I blinked and missed someone disclosing that there was a dreaded 0-day vulnerability in Adobe Flash Player and that it was a big threat. Apparently Symantec noticed that evil Chinese sites were exploiting Flash and the current 9.0.124.0 could be successfully exploited. When pressed for details, Symantec backtracked and said that they were wrong and it appeared to be the same exploit as previously disclosed by Mark Dowd (CVE-2007-0071). Bad Symantec, poor research.

To make matters worse, Symantec then further claimed that even though it was an old issue, the “in-the-wild exploit was effective against stand-alone versions of Flash Player 9.0.124.0” and that not all versions had been patched correctly. Way to save face Ben Greenbaum of Symantec!! Oh wait, today he changed his mind and said that Symantec’s claims were based on erroneous conclusions and that the behavior of Flash on Linux they were observing was indeed intended by Adobe and not proof it was vulnerable. To make matters worse, Symantec researchers downloaded the “latest” Flash and found it “vulnerable”, which lead to their sky-is-falling panic. Shortly after, they realized that they didn’t download all of the security patches and had been exploiting a known vulnerable version of Flash. Oops?

Two rounds of hype-driven 0-day threat warnings, and no real new threat. Whew, hopefully Symantec raised their THREATCON to blood red or whatever is appropriate for such 0-day threats. You do monitor that don’t you?

This fiasco lead many news outlets and vendors to issue warnings about the new 0-day threat. Secunia, SecurityFocus/BID, SecurityTracker, CERT, and FrSIRT all released new warnings and created entries in their respective databases as a result. In the VDB world, this is a royal pain-in-the-ass to deal with. Secunia ‘revoked’ their entry, BID ‘retired’ their entry, SecurityTracker flaged theirs ‘duplicate entry’, FrSIRT ‘revoked’ their entry and CERT still has it listed.

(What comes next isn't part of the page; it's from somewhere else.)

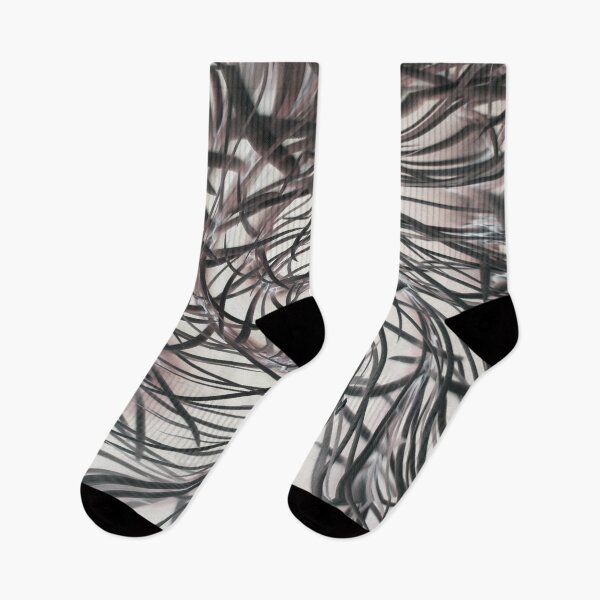 Item preview, Surreal Cactus Swirl In Monochrome  designed and sold by DezinerDee.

Fortunately for OSVDB, we were a few hours behind the rest and noticed the discrepancies and waited for more information. Unfortunately, the rest of the world, including ALL of the VDBs and news outlets listed above (and others) failed miserably in using common sense and a government funded resource to better prevent this kind of problem. As of this posting, Secunia, BID, SecurityTracker, FrSIRT, CERT, Dancho, ComputerWorld and eWeek still don’t link to the CVE ID for the vulnerability. Only Adobe’s updated blog entry actually references CVE-2007-0071 (but doesn’t link to it). Secunia links to a previous ID that has seven CVEs associated with it. The original CVE was assigned 2007-01-04 and published around 2008-04-08, a month and a half prior to this mess.

VDBs, shame on you for adding to the confusion. Symantec, shame on you for crying 0-day when your own engineers screwed up badly. Shame on everyone for not clearing it up fully by linking to the correct CVE entry or their own previous entries.

Before any of you receiving a “wave of the finger” bitch, consider the real world impact of your actions. In this case, only 12 MILLION people ended up seeing a vague warning when they loaded their favorite game. Blizzard included the correct fix information which was the same as a month or more before, but the sudden ‘security alert’ (that is extremely rare) only prompted their customers to wonder, possibly panic and definitely kill some demons as a result.